As experiential marketing degree programs crop up, professors outline how the industry can better support students

FIU 50 Years Party with tiger mascot-experiential marketing degree programs Credit Chris Kakol Corporate Image Photography

Florida International University recently added event-focused specializations and tracks. (Photo: Chris Kakol Corporate Image Photography)

Ask any event marketer how they landed in this industry and most will say they kind of “fell into” it. Degree programs focused specifically on the experiential marketing discipline haven’t existed, with many universities only offering one-off classes on the subject.

But progress is being made at universities to showcase experiential as a marketing career option and to prepare students with the fundamental skill sets needed to hit the ground running at their first jobs. It’s a sign that the talent landscape is shifting as a new generation of graduates interested in strategic live events will have a clearer path carved out for them.

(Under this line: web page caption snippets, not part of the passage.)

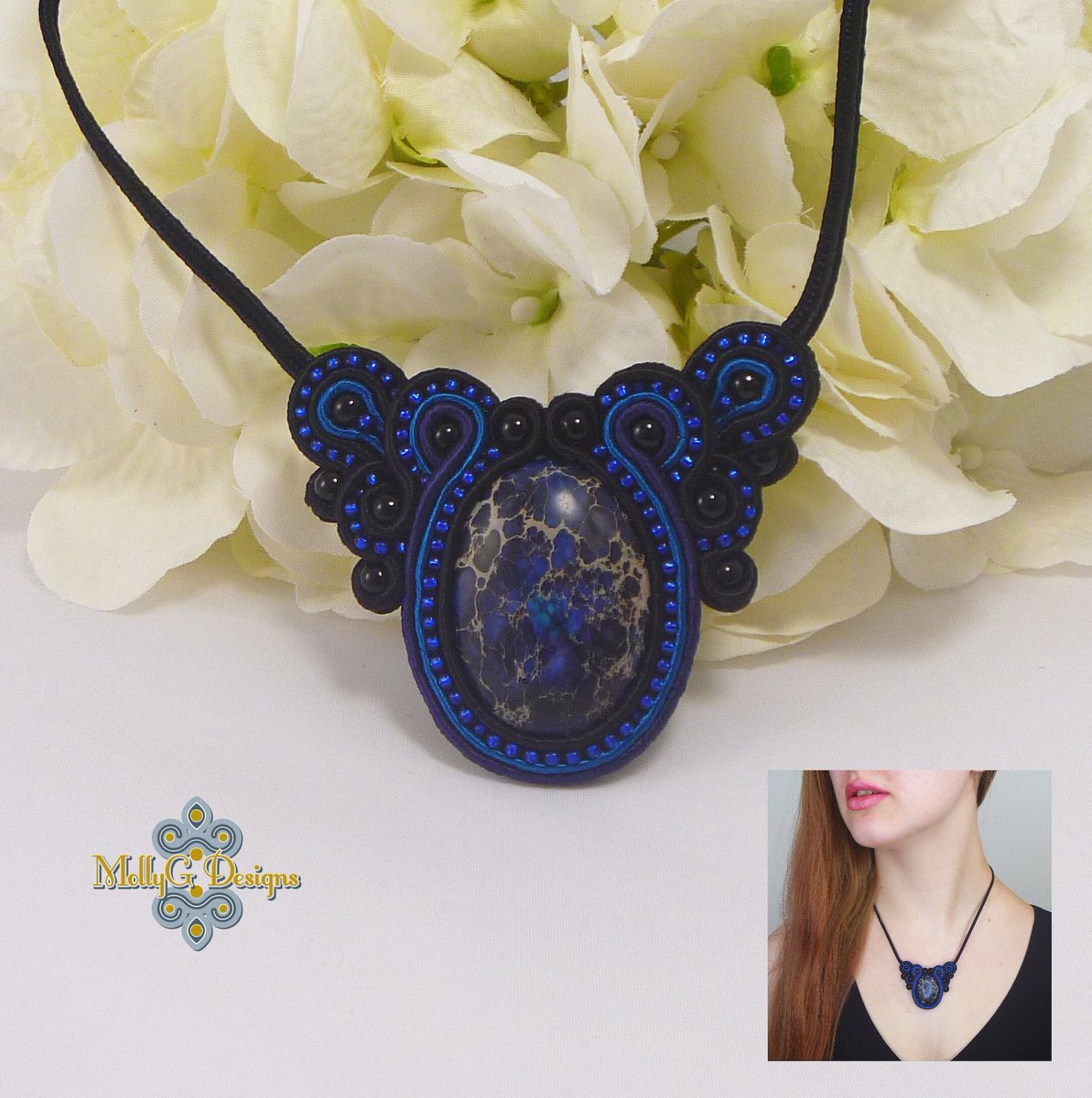 BoostersTbch's tweet image. Beautiful blue beaded necklace from @MollyGDesigns 

etsy.com/uk/listing/133…
#CGArtisans #ukgifthour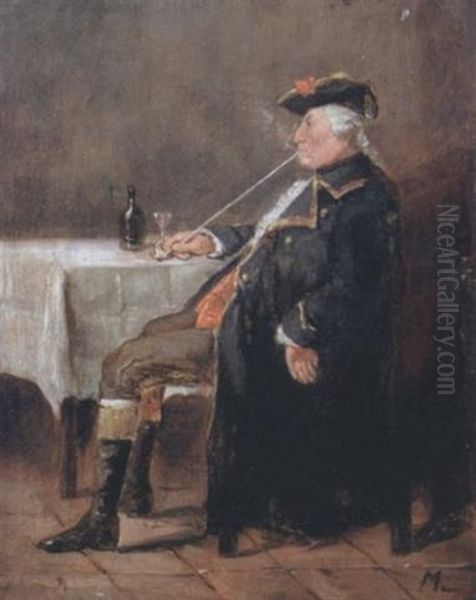 Interior Scene Oil Painting by Jean-Baptiste Madou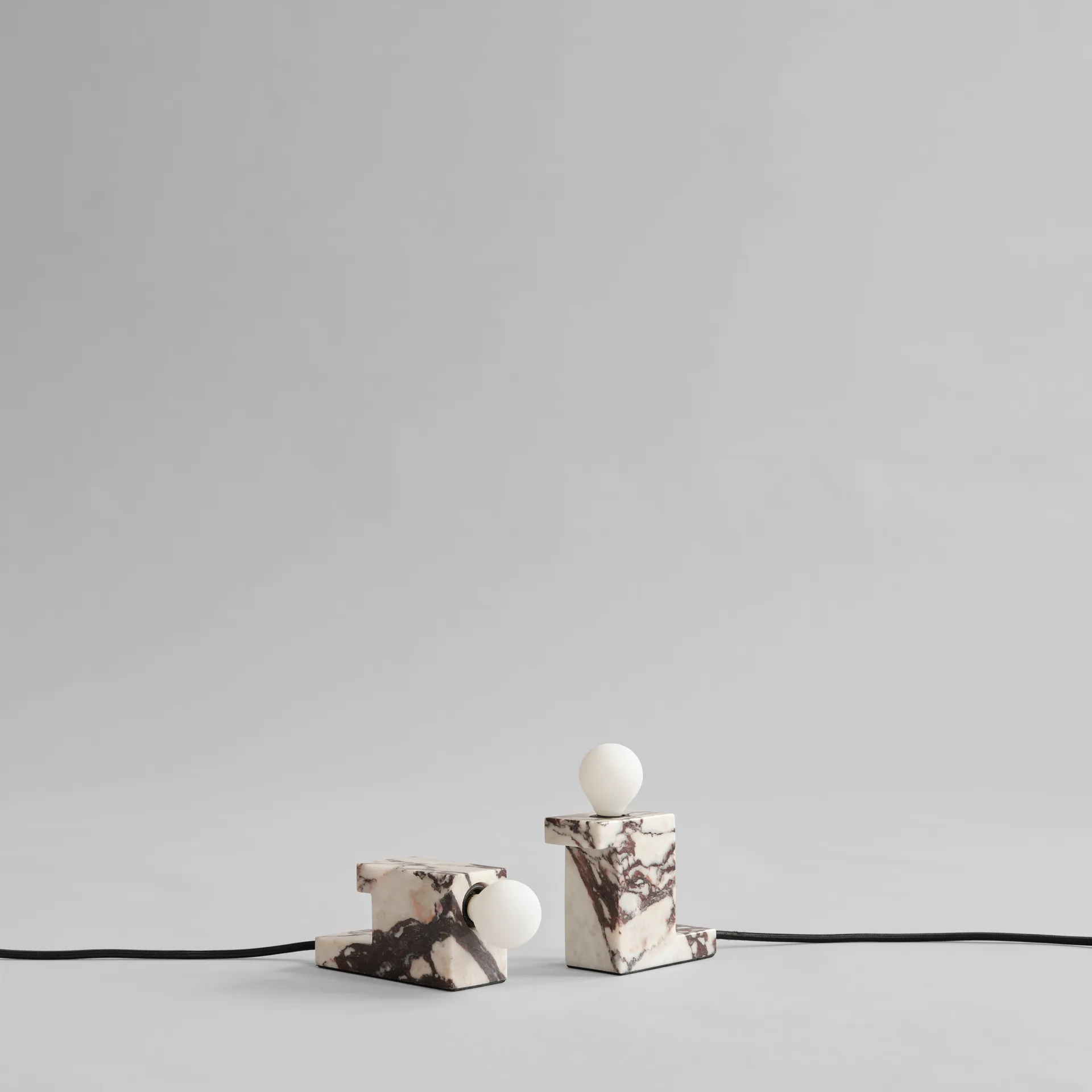 Lámpara baja Brick 8x14 cm, Calacatta 101 Copenhagen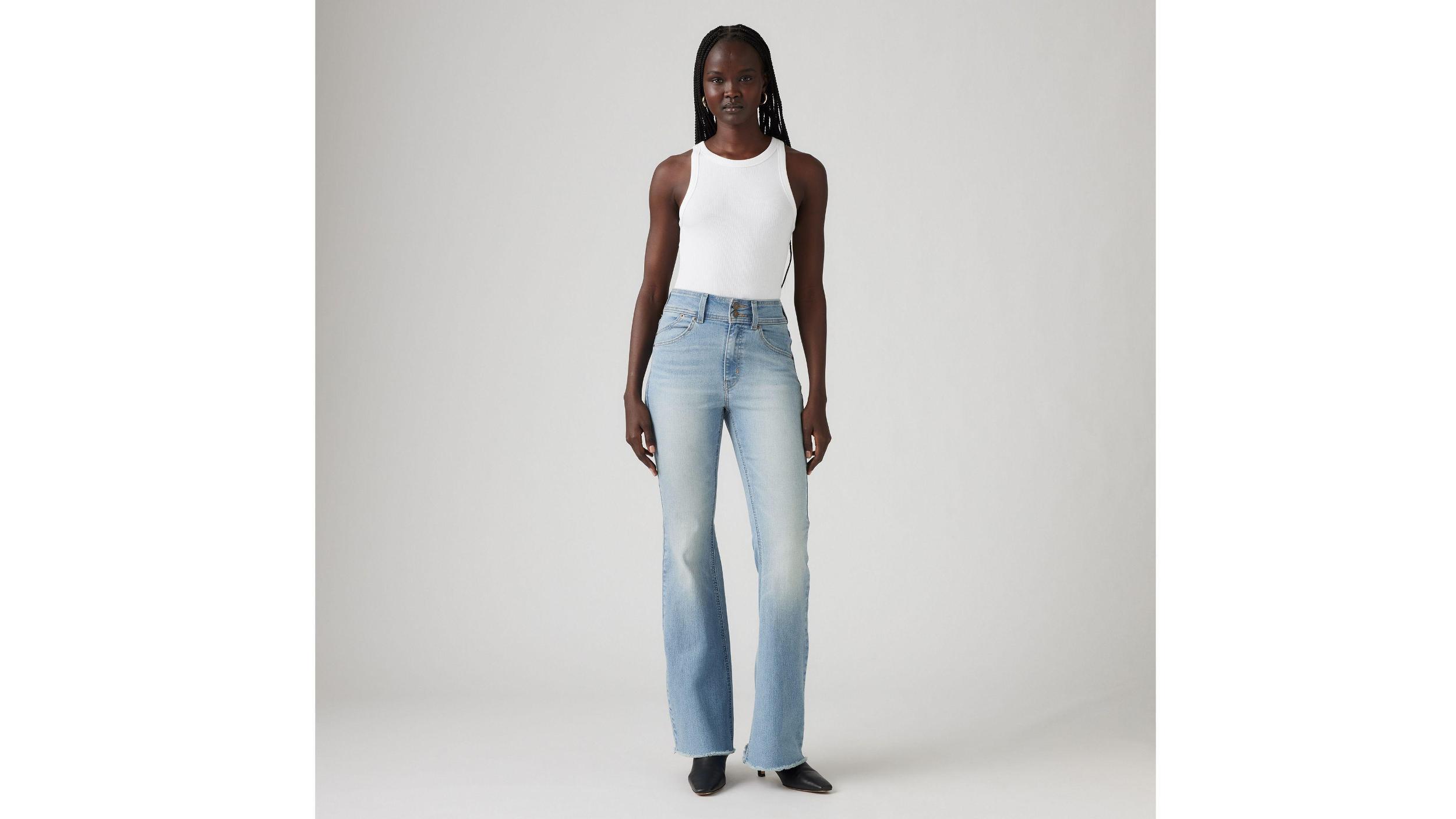 Retro 726 High Rise Flare Women's Jeans Product Image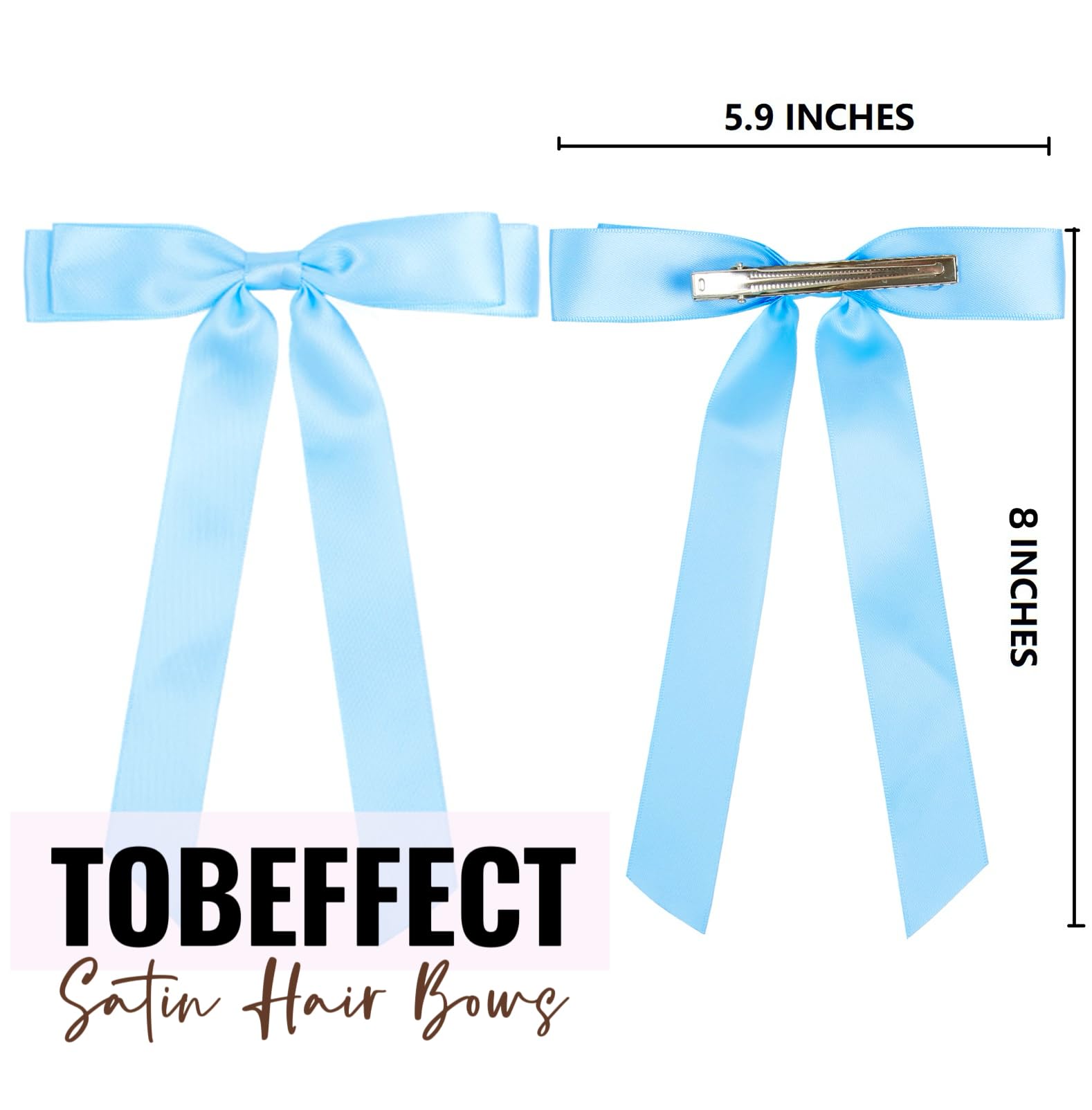 Lazo satinado Tobeffect ligero y cómodo para uso diario.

In the meantime, aspiring event marketers have turned to related established programs that offer transferable skills and experiences. Yulitza Sosa graduated from Florida International University (FIU) in Miami with a bachelor’s degree in hospitality management and then went on to work as an event coordinator for a catering company. When a special events manager position opened up at FIU’s Chaplin School of Hospitality & Tourism Management, Sosa jumped at the chance to return to her alma mater. Almost four years into her role, she is now senior special events manager and set to graduate this spring with a master’s degree in hospitality management, specializing in mega events (more than 10,000 attendees).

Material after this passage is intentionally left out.